Because of the overwhelming Nacionalista victories in the 1916 elections, the minority groups, Sumulong's Progresistas and the Partido Democrata Nacional of Teodoro Sandiko, merged in August 1917 to form the Democrata Party. In 1919, Sumulong became president of this party.
Sumulong was "an effective public speaker with a high reputation for intellectual capacity and integrity" according to Claro M. Recto Jr., but he lost his senatorial bid in 1922 because of an alleged defect in the party platform. In 1925, he was elected finally to a six-year term as senator for the Fourth Senatorial District, composed of Manila, Rizal, Laguna and Bataan.
As a senator, he had his famous debate with Senate President Manuel L. Quezon on the amendments to the Corporation Law. He also voiced out his vehement opposition to the enactment of the Belo Act, giving the Governor-General a yearly appropriation fund for military and technical advisers known as the Belo Boys.

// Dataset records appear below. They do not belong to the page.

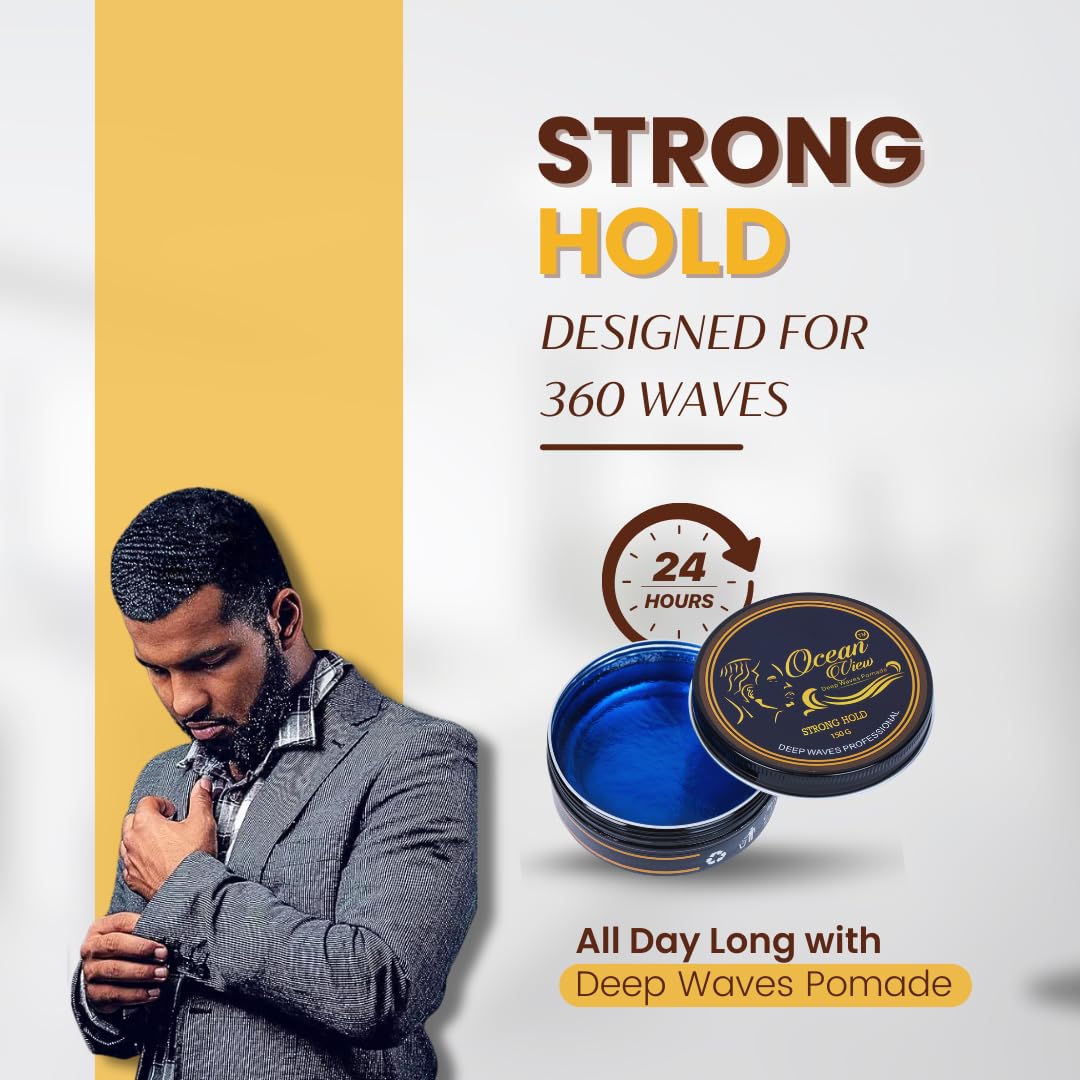 Ocean View Deep Waves Pomade in a barbershop scene conveying professional scent and finish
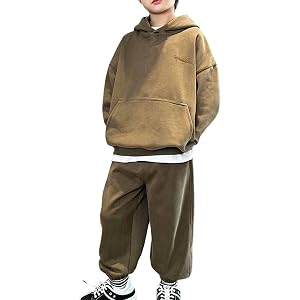 Tracksuit for Boys 2 Piece Baggy Hooded Sweatsuit Outfit Kids Pullover Hoodie with Pocket & Elastic Cuff Jogger Pants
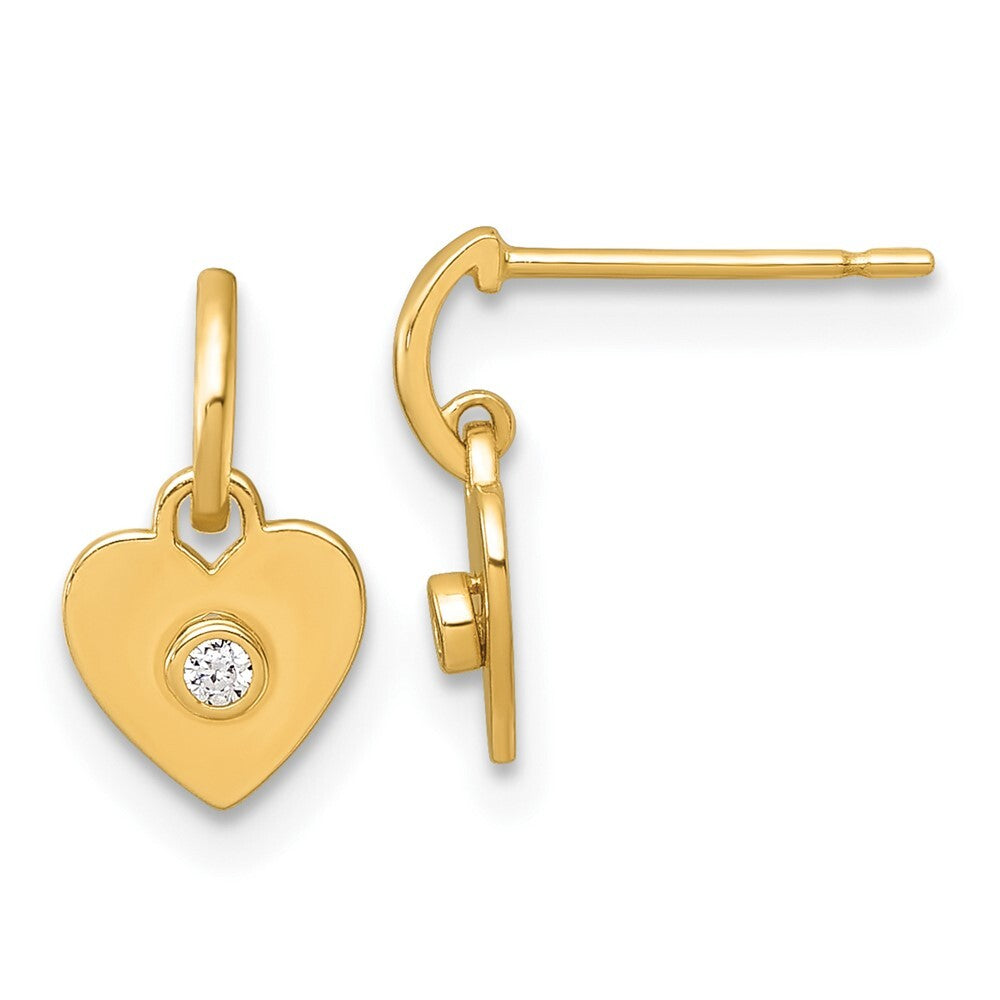 14k Yellow Gold Polished Cubic Zirconia Heart Dangle Earrings Gift for Women
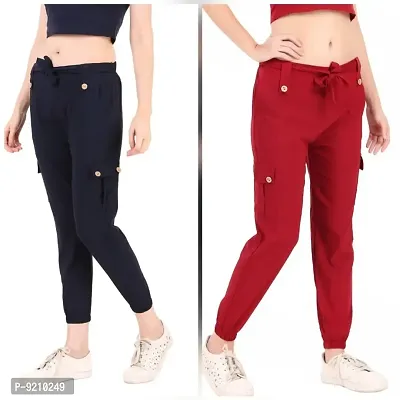 Classic Cotton Blend Solid Trousers for Women, Pack of 2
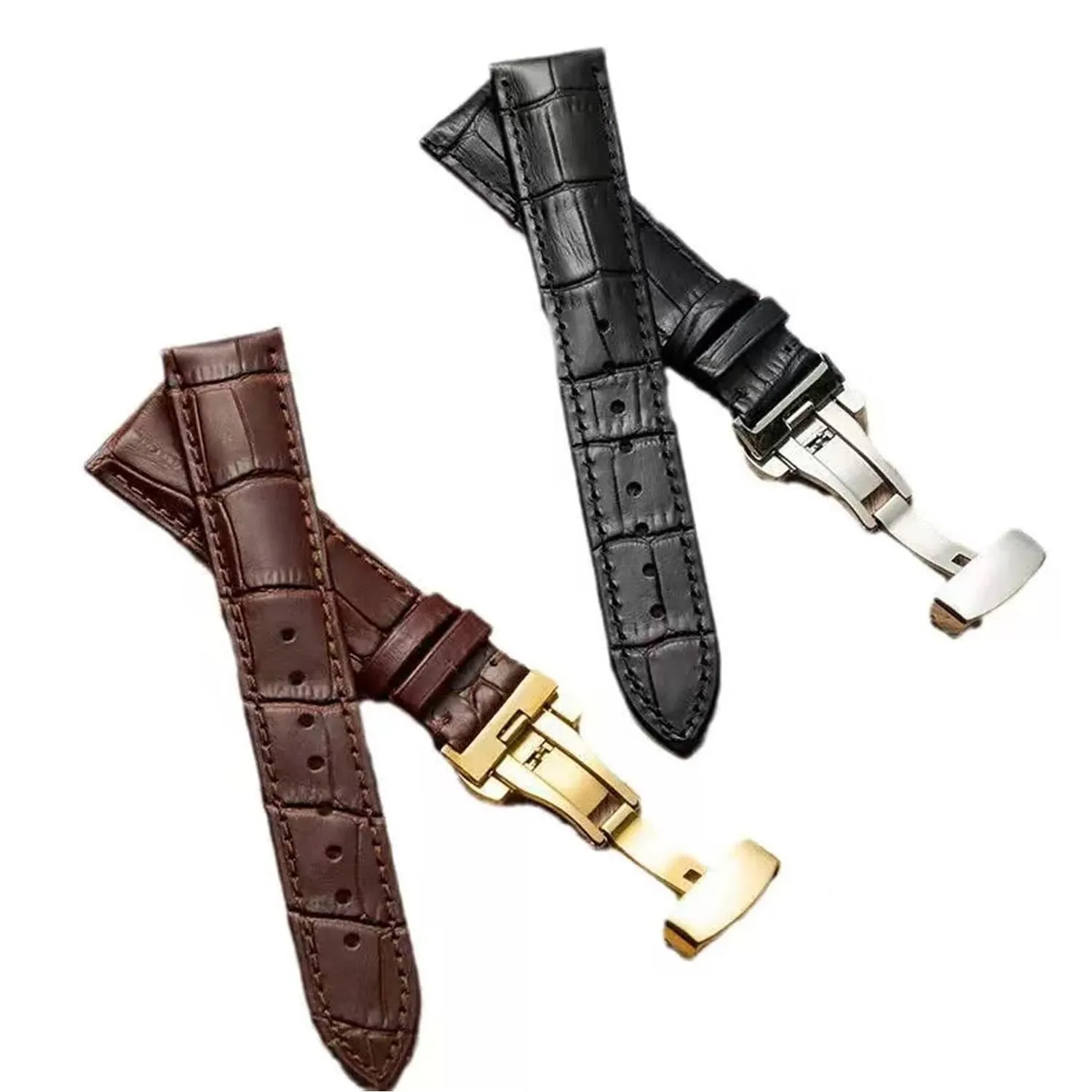 PCAORLEORS Cinturino in vero cuoio per orologio, cinturino in pelle di bambù a maglie di coccodrillo, cinturino in pelle di coccodrillo a sgancio rapido, 20mm 22mm 24mm 26mm Cinturini in vero cuoio - immagine 7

He authored the law creating the gasoline tax and the law regarding the books of accounts to be kept by merchants, especially by Chinese people.
From 1930 to 1931, he was in Washington D.C. as a member of the Philippine Independence Mission. When the first Philippine Independence Act, known as the Hare-Hawes Cutting Act, was enacted by the U.S. Congress, he decided to oppose its acceptance by the Filipino people people mainly because of its provision that even after Philippine independence, the United States will continue to exercise sovereignty over U.S. Military reservations in the Philippines. Quezon, Emilio Aguinaldo, Claro M. Recto and many others opposed the HHC Act and they became known as the Antis. Osmena, Manuel Roxas, and others favoring it became known as the Pros.
Due to poor health, he resigned from the presidency of the Democrata Party on the eve of the election on June 2, 1931. His resignation led to the dissolution of the party.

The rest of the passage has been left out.